A Resolved Millimeter Emission Belt in the AU Mic Debris Disk
David J. Wilner, Sean M. Andrews, Meredith A. MacGregor, A. Meredith, Hughes

TL;DR
This paper reports high-resolution millimeter imaging of the AU Mic debris disk, revealing a distinct dust emission belt at about 35 AU that aligns with the star's scattered light disk, indicating a structured planetesimal reservoir.
Contribution
First millimeter imaging of AU Mic's debris disk identifying a resolved emission belt at 35 AU, linking dust dynamics with the scattered light disk structure.
Findings
Detected a dust emission belt at ~35 AU from AU Mic.
The belt's location aligns with the planetesimal reservoir inferred from optical data.

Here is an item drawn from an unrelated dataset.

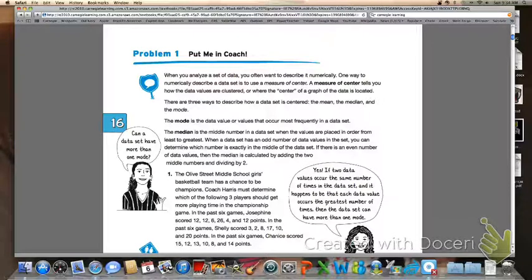Hi class, as we move into chapter 16, we will be focusing on analyzing and interpreting data. The first thing we're going to be looking at in 16.1 today is analyzing data using measures of center. When you analyze a set of data, you often want to describe it numerically. One way to numerically describe a data set is to use a measure of center. A measure of center tells you how the data values are clustered or where the center of the graph is located. Go ahead and make sure you highlight that definition.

Strengthens the connection between AU Mic and beta Pic debris disks.
Abstract
We present imaging observations at 1.3 millimeters of the debris disk surrounding the nearby M-type flare star AU Mic with beam size 3 arcsec (30 AU) from the Submillimeter Array. These data reveal a belt of thermal dust emission surrounding the star with the same edge-on geometry as the more extended scattered light disk detected at optical wavelengths. Simple modeling indicates a central radius of ~35 AU for the emission belt. This location is consistent with the reservoir of planetesimals previously invoked to explain the shape of the scattered light surface brightness profile through size-dependent dust dynamics. The identification of this belt further strengthens the kinship between the debris disks around AU Mic and its more massive sister star beta Pic, members of the same ~10 Myr-old moving group.